Weteran zdradził szokującą historię z FEN: „Cutman chciał ode mnie 30 zł za…”
Kolejny były zawodnik organizacji FEN w mocnych słowach wypowiedział się o dawnym pracodawcy.
Przed kilkoma dniami ukazał się wywiad z Mateuszem Rębeckim, w którym „Rebeasti” nie najlepiej wspominał współpracę z organizacją Pawła Jóźwiaka. Jakby nie patrzeć były mistrz wagi lekkiej FEN właśnie tam wyrobił sobie nazwisko, po czym wziął udział w programie Contender Series i znalazł się w UFC. Dlatego też w rozmowie z Weszło wbił szpilę, acz delikatną:
– Pomogło mi w tym bycie takim zawziętym skurczybykiem, bo bez tego raczej nie zrealizowałbym tych marzeń. Pozostanie przy swoim w tamtym okresie uważam za najlepszą decyzję w moim życiu. Nie żałuję jej absolutnie, ale już samej współpracy z FEN nie wspominam za dobrze. Były momenty, kiedy przez niektóre osoby cierpiałem, czułem się skrzywdzony. Dziś na szczęście mogę o tym mówić, choć oczywiście bez większych szczegółów.
Adrian Zieliński mocno o FEN
O wiele mniej w język gryzł się Adrian Zieliński. Weteran polskiej sceny MMA ma na koncie ponad 30 zawodowych walk, a od niedawna jest zawodnikiem KSW. Fighter Arrachionu Olsztyn wciąż czeka na wygraną po dwóch porażkach z młodymi wilkami.
Zielińśki walczył też w Babilonie, czy ACB (obecnie ACA) oraz w FEN. W organizacji Pawła Jóźwiaka zadebiutował w 2019 roku, gdzie zdobył też pas kategorii piórkowej. W późniejszych latach mierzył się też z Cezarym Oleksiejczukem o koronę dywizji półśredniej.

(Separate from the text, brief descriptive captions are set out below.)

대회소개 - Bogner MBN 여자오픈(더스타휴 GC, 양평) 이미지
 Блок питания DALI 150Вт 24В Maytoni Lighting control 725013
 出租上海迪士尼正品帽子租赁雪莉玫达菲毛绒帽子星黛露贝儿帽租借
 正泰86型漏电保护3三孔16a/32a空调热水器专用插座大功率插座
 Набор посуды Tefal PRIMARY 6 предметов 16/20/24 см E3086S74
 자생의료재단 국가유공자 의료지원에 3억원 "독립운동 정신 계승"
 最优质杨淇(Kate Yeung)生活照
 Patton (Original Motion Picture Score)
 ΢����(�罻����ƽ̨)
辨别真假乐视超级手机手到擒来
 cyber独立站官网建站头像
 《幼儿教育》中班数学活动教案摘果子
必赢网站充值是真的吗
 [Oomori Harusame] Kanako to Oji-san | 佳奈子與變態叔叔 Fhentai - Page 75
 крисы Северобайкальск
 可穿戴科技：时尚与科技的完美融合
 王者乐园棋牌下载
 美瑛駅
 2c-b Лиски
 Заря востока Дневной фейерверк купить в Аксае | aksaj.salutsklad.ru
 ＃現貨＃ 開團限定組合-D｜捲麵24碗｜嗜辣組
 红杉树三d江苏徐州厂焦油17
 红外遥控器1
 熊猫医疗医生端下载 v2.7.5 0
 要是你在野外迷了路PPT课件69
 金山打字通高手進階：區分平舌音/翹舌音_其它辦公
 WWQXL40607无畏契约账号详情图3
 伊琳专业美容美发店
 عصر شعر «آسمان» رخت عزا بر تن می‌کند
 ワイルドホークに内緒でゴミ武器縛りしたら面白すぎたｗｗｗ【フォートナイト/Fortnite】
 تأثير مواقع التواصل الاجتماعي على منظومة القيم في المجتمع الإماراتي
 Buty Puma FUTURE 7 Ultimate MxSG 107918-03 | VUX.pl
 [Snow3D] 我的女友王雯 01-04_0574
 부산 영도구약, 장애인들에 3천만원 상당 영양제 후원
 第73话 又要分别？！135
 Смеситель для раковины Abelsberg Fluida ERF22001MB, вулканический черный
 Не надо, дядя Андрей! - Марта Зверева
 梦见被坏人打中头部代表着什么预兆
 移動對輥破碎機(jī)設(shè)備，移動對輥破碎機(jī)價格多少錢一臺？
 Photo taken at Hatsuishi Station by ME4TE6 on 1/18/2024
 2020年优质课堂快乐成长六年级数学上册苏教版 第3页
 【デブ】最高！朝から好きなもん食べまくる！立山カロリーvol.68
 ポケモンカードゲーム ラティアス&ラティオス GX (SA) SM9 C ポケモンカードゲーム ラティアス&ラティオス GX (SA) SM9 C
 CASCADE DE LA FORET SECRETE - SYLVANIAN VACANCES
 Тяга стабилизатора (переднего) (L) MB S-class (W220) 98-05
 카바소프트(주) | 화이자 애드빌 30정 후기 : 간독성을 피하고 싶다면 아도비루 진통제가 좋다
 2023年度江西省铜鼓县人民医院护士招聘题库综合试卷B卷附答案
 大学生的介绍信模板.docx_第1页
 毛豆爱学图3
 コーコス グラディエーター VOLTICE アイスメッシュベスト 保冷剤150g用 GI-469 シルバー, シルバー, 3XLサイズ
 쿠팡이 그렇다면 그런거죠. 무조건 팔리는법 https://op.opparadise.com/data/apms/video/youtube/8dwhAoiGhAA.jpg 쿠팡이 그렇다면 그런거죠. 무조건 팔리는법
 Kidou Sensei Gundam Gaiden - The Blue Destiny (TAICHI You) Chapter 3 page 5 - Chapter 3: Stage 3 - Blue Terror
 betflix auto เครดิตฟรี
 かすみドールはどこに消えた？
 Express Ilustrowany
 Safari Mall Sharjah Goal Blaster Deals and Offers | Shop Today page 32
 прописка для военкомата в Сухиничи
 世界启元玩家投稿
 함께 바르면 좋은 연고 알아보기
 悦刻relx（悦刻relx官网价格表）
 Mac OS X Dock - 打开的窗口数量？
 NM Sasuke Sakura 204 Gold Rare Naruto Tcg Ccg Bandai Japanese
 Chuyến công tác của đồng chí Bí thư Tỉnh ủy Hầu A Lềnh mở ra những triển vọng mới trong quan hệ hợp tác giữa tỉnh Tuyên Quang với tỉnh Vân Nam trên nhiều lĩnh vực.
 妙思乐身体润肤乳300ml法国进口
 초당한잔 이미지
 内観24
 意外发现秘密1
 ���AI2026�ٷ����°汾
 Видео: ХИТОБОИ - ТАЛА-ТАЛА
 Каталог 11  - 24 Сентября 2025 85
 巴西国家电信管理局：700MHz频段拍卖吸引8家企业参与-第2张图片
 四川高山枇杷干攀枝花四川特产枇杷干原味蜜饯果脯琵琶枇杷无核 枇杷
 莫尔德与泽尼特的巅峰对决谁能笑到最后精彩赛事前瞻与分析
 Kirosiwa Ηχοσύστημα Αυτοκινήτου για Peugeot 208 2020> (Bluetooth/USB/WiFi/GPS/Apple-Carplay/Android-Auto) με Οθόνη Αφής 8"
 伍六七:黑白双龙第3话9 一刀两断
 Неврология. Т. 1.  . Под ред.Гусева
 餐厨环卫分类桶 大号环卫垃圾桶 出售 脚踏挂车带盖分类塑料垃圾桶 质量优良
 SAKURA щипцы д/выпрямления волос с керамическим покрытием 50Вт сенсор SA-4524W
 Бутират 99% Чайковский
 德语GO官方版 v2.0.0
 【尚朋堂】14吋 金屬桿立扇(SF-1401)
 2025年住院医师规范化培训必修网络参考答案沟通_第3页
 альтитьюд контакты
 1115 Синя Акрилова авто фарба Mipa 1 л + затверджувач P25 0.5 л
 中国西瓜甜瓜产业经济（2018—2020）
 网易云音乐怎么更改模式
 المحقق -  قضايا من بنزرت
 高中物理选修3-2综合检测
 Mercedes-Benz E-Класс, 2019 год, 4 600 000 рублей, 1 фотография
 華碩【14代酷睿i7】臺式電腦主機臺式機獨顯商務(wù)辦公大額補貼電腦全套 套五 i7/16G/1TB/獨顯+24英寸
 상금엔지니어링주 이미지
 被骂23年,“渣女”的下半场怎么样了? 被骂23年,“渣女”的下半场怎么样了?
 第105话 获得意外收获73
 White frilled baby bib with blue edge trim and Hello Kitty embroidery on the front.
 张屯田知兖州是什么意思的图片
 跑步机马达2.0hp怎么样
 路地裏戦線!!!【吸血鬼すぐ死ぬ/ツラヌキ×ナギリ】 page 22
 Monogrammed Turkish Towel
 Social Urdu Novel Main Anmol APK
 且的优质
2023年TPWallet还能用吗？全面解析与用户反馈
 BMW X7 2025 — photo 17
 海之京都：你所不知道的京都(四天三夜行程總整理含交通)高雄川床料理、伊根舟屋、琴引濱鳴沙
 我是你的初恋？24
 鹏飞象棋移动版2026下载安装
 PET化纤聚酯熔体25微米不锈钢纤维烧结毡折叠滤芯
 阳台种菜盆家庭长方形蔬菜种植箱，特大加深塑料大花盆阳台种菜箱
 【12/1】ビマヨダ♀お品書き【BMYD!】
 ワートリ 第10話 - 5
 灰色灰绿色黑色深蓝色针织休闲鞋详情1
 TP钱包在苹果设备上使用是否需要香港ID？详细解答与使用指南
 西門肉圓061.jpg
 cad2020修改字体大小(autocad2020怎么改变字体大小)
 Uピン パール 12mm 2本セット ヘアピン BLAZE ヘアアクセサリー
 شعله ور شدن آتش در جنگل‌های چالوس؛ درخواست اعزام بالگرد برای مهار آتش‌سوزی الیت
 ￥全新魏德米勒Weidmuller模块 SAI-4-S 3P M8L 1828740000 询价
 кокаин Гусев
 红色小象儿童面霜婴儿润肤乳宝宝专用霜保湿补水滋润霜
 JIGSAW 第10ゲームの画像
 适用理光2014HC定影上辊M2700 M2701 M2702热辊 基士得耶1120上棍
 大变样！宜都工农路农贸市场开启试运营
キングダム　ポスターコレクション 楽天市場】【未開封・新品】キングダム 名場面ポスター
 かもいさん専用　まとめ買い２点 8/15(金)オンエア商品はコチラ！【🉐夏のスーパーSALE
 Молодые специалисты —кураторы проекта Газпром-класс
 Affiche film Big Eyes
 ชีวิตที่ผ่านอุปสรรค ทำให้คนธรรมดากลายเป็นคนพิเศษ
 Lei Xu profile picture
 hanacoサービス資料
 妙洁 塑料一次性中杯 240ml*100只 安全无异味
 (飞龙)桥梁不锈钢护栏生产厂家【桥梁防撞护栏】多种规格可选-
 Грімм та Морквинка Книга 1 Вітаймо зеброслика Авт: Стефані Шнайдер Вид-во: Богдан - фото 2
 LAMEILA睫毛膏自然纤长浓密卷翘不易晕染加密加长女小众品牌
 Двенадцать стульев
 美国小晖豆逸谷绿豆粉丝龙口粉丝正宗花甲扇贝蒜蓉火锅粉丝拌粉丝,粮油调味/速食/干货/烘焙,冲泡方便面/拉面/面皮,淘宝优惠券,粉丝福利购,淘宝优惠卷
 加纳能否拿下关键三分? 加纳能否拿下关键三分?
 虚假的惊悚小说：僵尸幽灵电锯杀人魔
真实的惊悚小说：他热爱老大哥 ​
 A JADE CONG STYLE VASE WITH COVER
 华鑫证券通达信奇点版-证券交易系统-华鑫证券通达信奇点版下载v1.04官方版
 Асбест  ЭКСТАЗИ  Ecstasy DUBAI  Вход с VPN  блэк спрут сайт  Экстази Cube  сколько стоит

Weteran udzielił obszernego wywiadu kanałowi „Ćwierkają”, gdzie wypowiedział się otwarcie o gażach, które otrzymywał przez swą karierę. Początkowo było to zaledwie kilkaset złotych w PLMMA, zdecydowanie lepiej wyglądało to w ACB, gdzie za ostatnią walkę zgarnął 15 tysięcy dolarów.
Wówczas Zieliński trafił do Fight Exclusive Night. Pierwszą walkę stoczył z Kamilem Łebkowskim na gali z numerem 24 i zarobił… zaledwie 6 tysięcy złotych. Aż 10 razy mniej niż za ostatni pojedynek w rosyjskiej organizacji. Adrian opowiedział też o kuriozalnej sytuacji, która miała miejsce niedługo przed debiutem. Gwoli przypomnienia – mówimy o 2019 roku.
– Pierwszy raz w karierze takie coś takiego miałem, że byłem w szatni i przyszedł cutman i chciał ode mnie 30 złotych za owinięcie rąk. Mówię, ale ja tu przecież przyszedłem na walkę, ja nie mam nawet portfela ze sobą.
Obecnie trenujący w Olsztynie weteran zarabia godziwe pieniądze w KSW, lecz ze względów oczywistych, nie mógł ujawnić kwot. Przyznał jednak, że jeśli może mieć coś do zarzucenia obecnemu pracodawcy, to zdecydowanie jest to matchmaking:
– Dali mi dwóch małolatów po 25 lat, nabitych, olbrzymich. Ten ostatni wyglądał jak „Johnny Bravo”… Staremu chłopowi takich małolatów dali. Taki matchmaking – powiedział Zieliński, którego w marcu w zaledwie 32 sekundy znokautował Witor Zalewski, a kilka miesięcy później przez decyzję pokonał Oskar Szczepaniak.